Oggi ho la gioia di incontrarvi per la prima volta, cari membri e consultori del Pontificio Consiglio per i Laici, riuniti per l’Assemblea Plenaria. Il vostro Pontificio Consiglio ha la peculiarità di annoverare tra i suoi membri e consultori, accanto a Cardinali, Vescovi, sacerdoti e religiosi, una maggioranza di fedeli laici, provenienti da diversi continenti e Paesi e dalle più varie esperienze apostoliche. Vi saluto tutti con affetto e vi ringrazio per il servizio che prestate alla Sede di Pietro e alla Chiesa diffusa in ogni parte del mondo. Il mio saluto va in modo speciale al Presidente, l’Arcivescovo Stanislaw Rylko, che ringrazio per le gentili e devote parole, al Segretario, il Vescovo Josef Clemens, unitamente a quanti quotidianamente lavorano nel vostro Dicastero.
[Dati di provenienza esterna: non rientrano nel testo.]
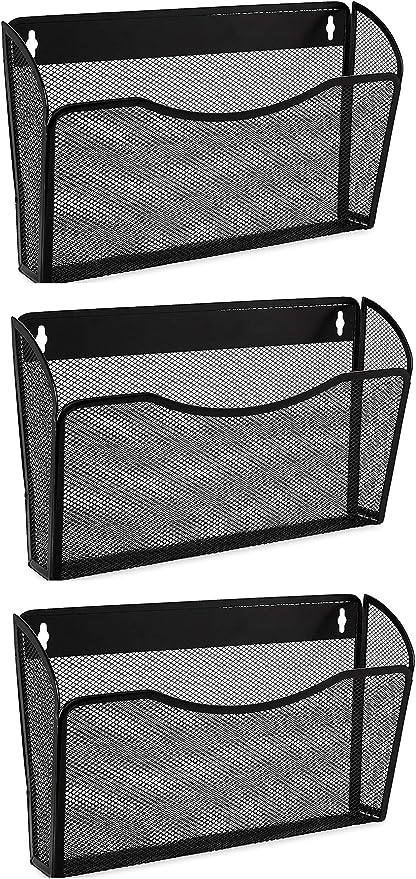 EASEPRES 3 Single Pocket Mesh Hanging File Organizer, Vertical Wall Mounted Magazine File Holder, Mount Basket Mail Paper Document Folder Organizing for Office, Home and School, Black
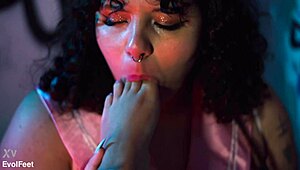 Chubby sluts worship feet and dive into wet pussies!!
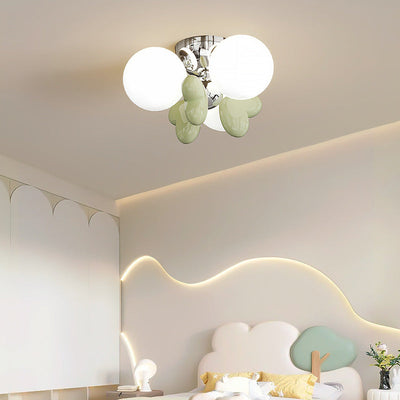 Modern Minimalist Dome Orb Love Iron Resin Glass LED Semi-Flush Mount Ceiling Light For Bedroom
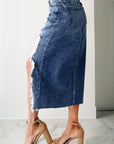 Denim Asymmetrical Distressed Midi Skirt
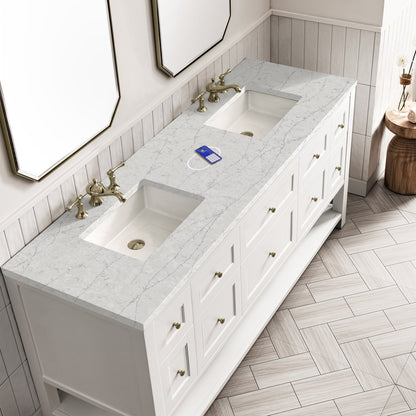 James Martin - Breckenridge 72" Double Vanity, Bright White w/ 3 CM Eternal Jasmine Pearl Top w/FreePower Wireless Charger - 330-V72-BW-FEJP view 5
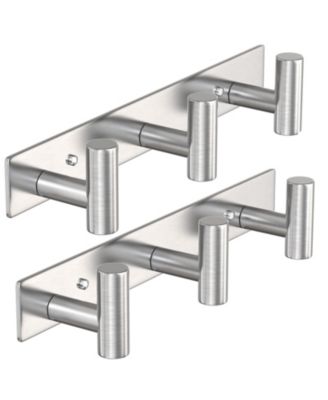 2 Pack Wall Mount Hook Rack Robe Bag Key Towel Hanger Organizer 3 Hooks Bathroom Hardware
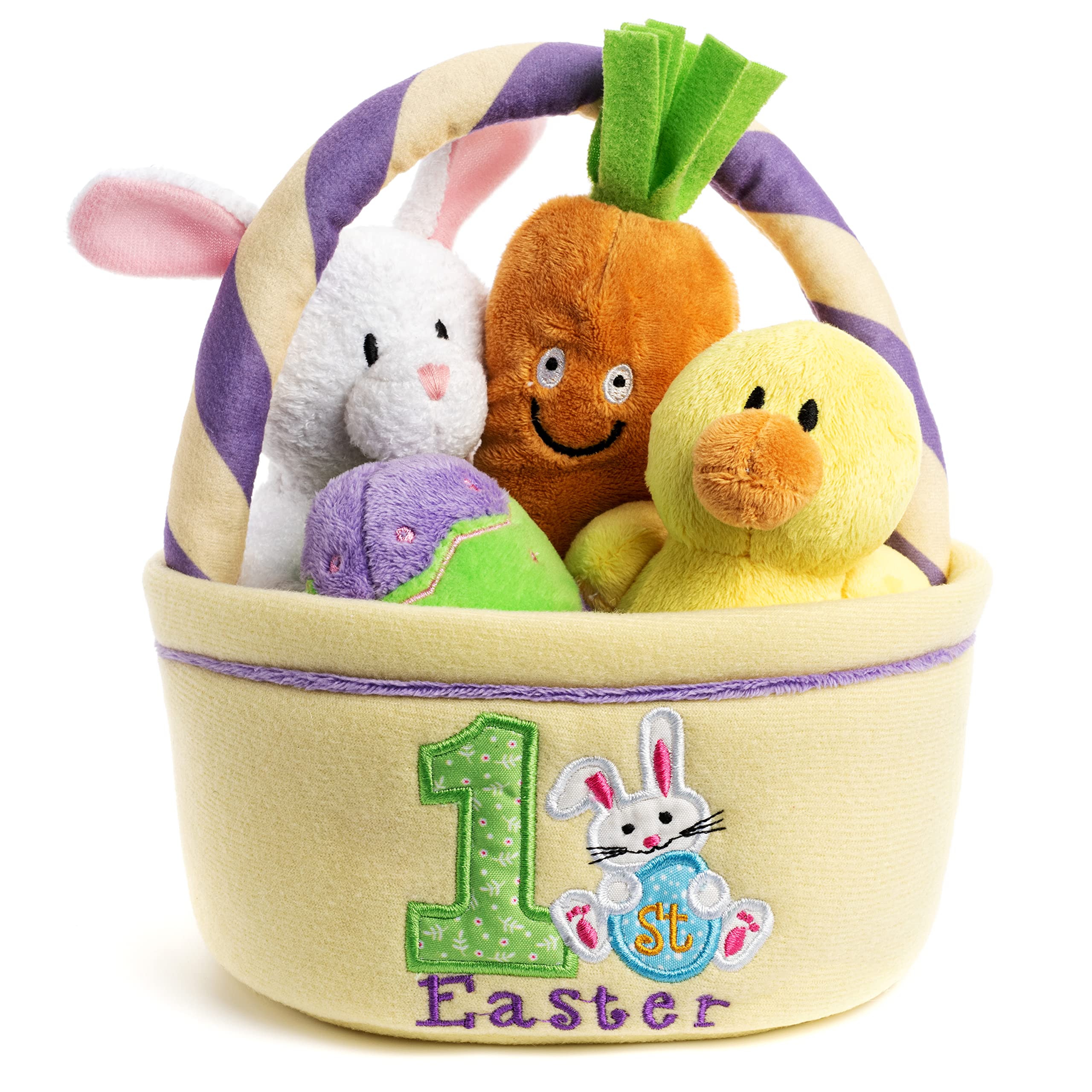 Genius Baby Toys Easter bunny plush highlighting soft plush texture for cuddling and soothing play.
Durante gli anni del mio servizio alla Curia Romana avevo già avuto modo di rendermi conto della crescente importanza assunta dal Pontificio Consiglio per i Laici nella Chiesa; importanza che constato ancor più da quando il Signore mi ha chiamato a succedere al Servo di Dio Giovanni Paolo II nella guida dell’intero popolo cristiano, perché più direttamente mi è dato di vedere il lavoro che voi svolgete. Ho avuto occasione, infatti, di presiedere due incontri di indubbia rilevanza ecclesiale promossi dal vostro Dicastero: la Giornata Mondiale della Gioventù, tenutasi a Colonia nel mese di agosto dello scorso anno e l'Incontro svoltosi in Piazza San Pietro, alla Vigilia di Pentecoste di quest'anno, con la presenza di più di cento Movimenti ecclesiali e nuove Comunità. Penso poi al primo Congresso latino-americano dei Movimenti ecclesiali e delle nuove Comunità, che il vostro Pontificio Consiglio ha organizzato in collaborazione con il CELAM, a Bogotà dal 9 al 12 marzo 2006, in vista della V a Conferenza generale dell’Episcopato latino-americano.
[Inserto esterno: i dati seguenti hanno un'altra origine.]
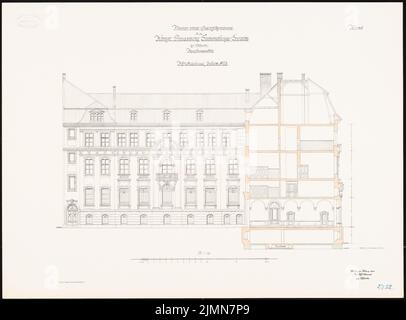 Kieschke Paul (1851-1905), sous-fenêtre prussienne à Berlin (1901-1903): Section transversale avec vue de la cour 1: 100. Lithographie, 50,7 x 68,7 cm (y compris les bords de balayage) Banque D'Images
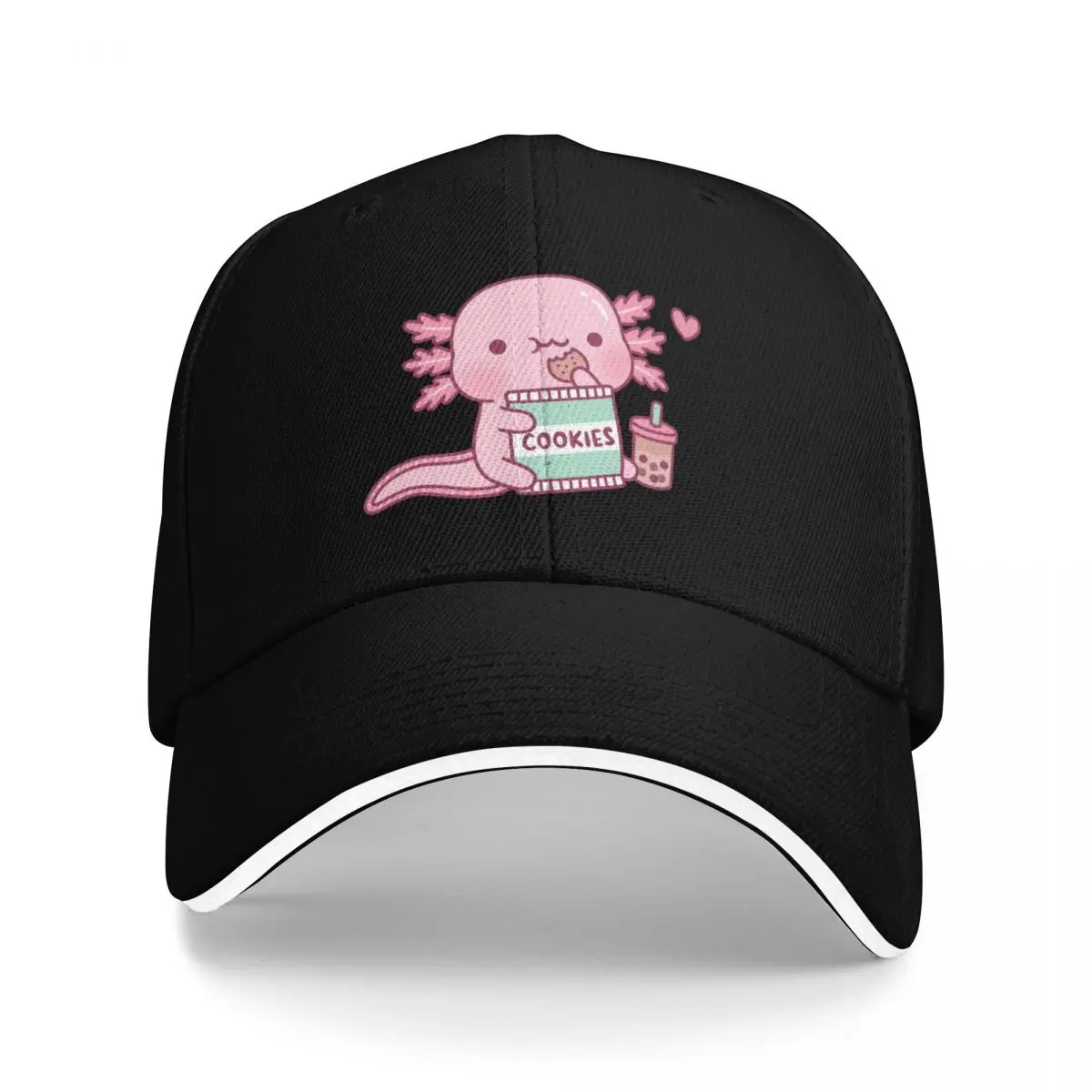 

Cute Axolotl Snacks On Cookies And Bubble Tea Baseball Cap Trucker Cap golf hat genuine Women Hats Men's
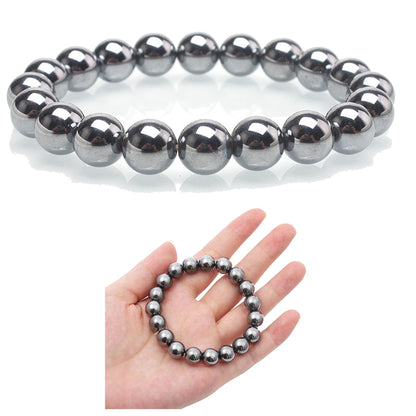Cryhand Handmade 8mm Beaded Bracelets For Men Protection Bracelet For Women Chakra Feng Shui Stretchy Handmade Lucky Money Stretchy Crystal Bracelets Best Gifts (Hematite 1PCS)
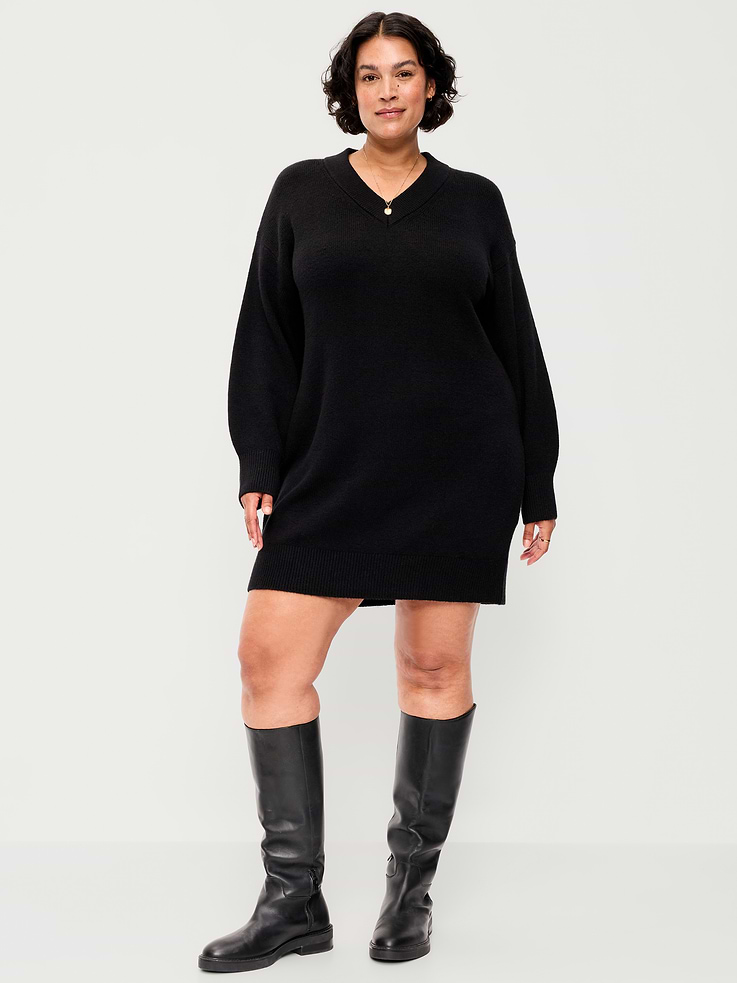 Image 8 of 9, SoSoft Long-Sleeve V-Neck Mini Sweater Dress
Dopo aver esaminato nella precedente Assemblea plenaria la natura teologica e pastorale della comunità parrocchiale, state ora affrontando la questione da un punto di vista operativo, ricercando elementi utili per favorire un autentico rinnovamento parrocchiale. Tema infatti del vostro incontro è: “La parrocchia ritrovata. Percorsi di rinnovamento”. In effetti, l’aspetto teologico pastorale e quello operativo non possono essere dissociati, se si vuole accedere al mistero di comunione di cui la parrocchia è chiamata ad essere sempre di più segno e strumento di attuazione. L'evangelista Luca negli Atti degli Apostoli indica i criteri essenziali per una retta comprensione della natura della comunità cristiana, e quindi anche di ogni parrocchia, laddove descrive la prima comunità di Gerusalemme perseverante nell’ascolto dell'insegnamento degli Apostoli, nell'unione fraterna, nella “frazione del pane e nelle preghiere”, una comunità accogliente e solidale sino al punto di mettere tutto in comune (cfr 2,42; 4,32-35).
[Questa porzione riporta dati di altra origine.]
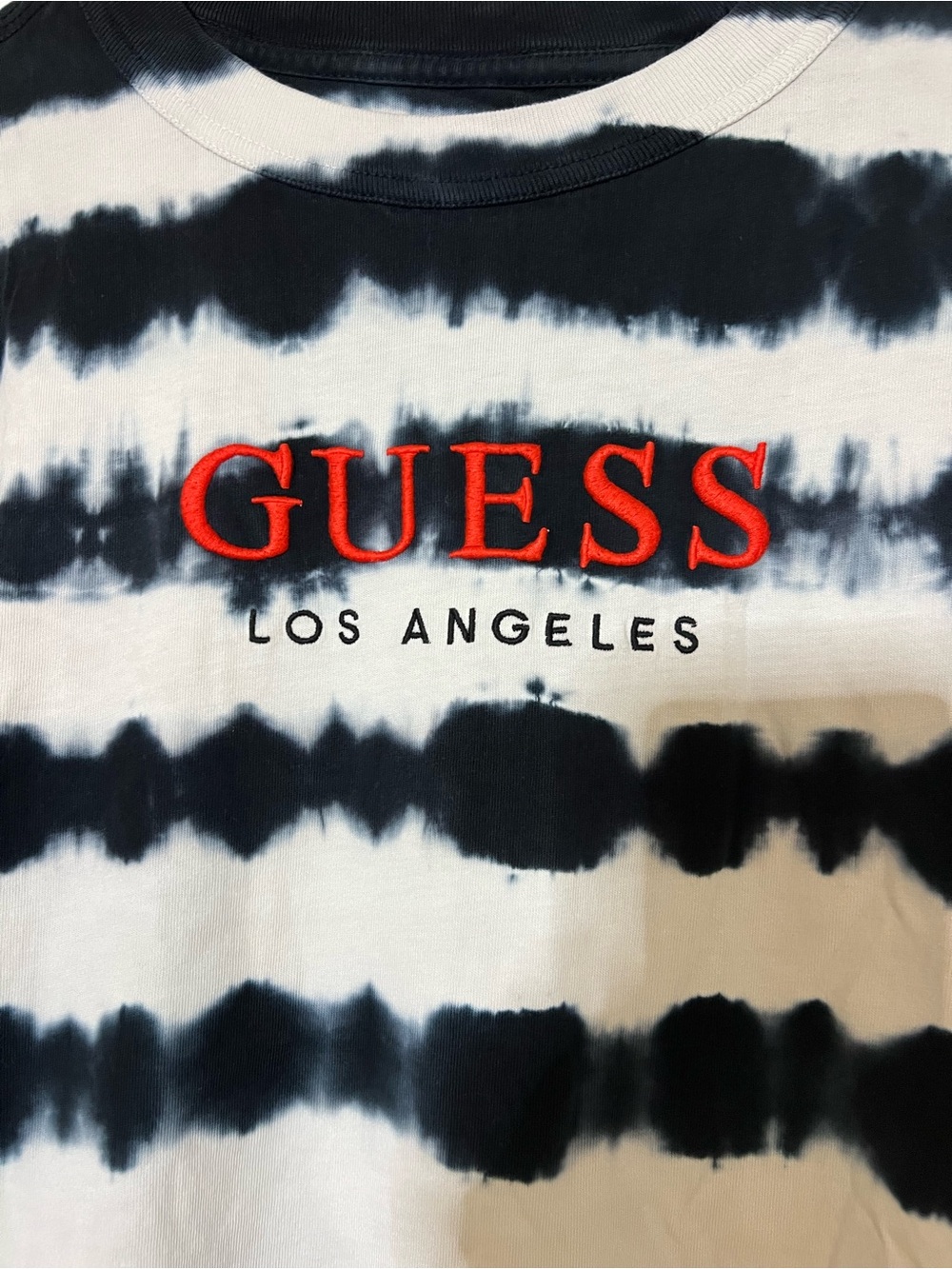 Guess Black & White Tie-Dye Short Sleeve Tee with Red Logo - Picture 2 of 3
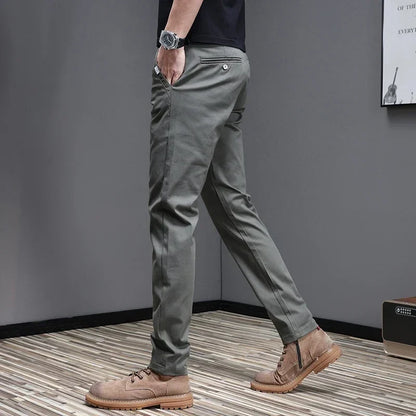 2024 Spring Summer Men's Casual Pants 97.8% Cotton Business Korean Fashion Slim Fit Stretch Gray Black Khaki Trousers Male Pant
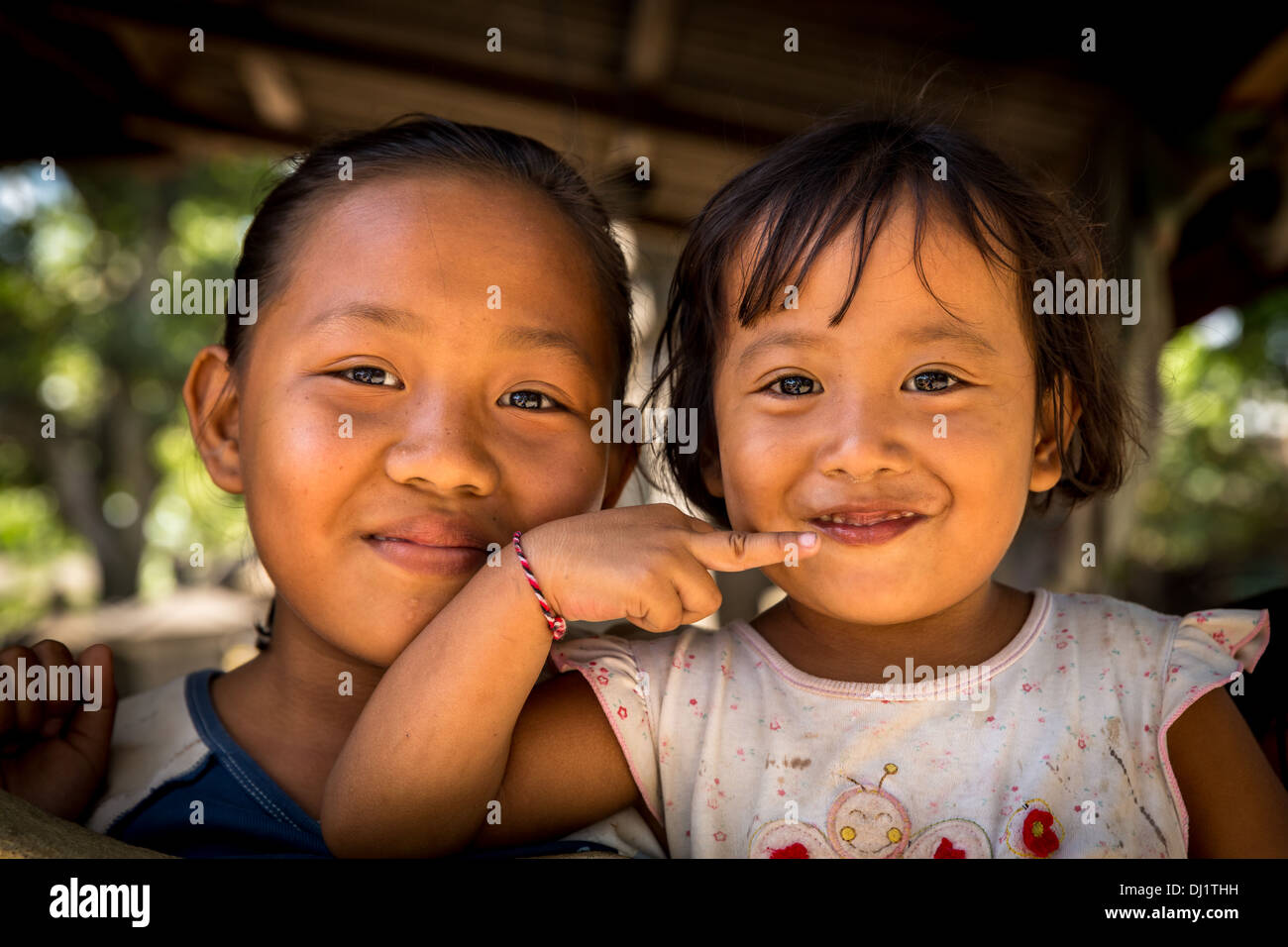 Portrait of two Balinese children, Ubud area, Bali, Indonesia Stock Photo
La parrocchia può rivivere questa esperienza e crescere nell’intesa e nella fraterna coesione se prega incessantemente e resta in ascolto della Parola di Dio, soprattutto se partecipa con fede alla celebrazione dell'Eucaristia presieduta dal sacerdote. Scriveva in proposito l’amato Giovanni Paolo II nella sua ultima Enciclica Ecclesia de Eucharistia: “La parrocchia è una comunità di battezzati che esprimono e affermano la loro identità soprattutto attraverso la celebrazione del Sacrificio eucaristico” (n. 32). L’auspicato rinnovamento della parrocchia, dunque, non può scaturire solo da pur utili ed opportune iniziative pastorali, né tanto meno da programmi elaborati a tavolino. Ispirandosi al modello apostolico, così come appare negli Atti degli Apostoli, la parrocchia “ritrova” se stessa nell’incontro con Cristo, specialmente nell’Eucaristia. Nutrita del pane eucaristico, essa cresce nella comunione cattolica, cammina in piena fedeltà al Magistero ed è sempre attenta ad accogliere e discernere i diversi carismi che il Signore suscita nel Popolo di Dio. Dall’unione costante con Cristo la parrocchia trae vigore per impegnarsi poi senza sosta nel servizio ai fratelli, particolarmente verso i poveri, per i quali rappresenta di fatto il primo referente.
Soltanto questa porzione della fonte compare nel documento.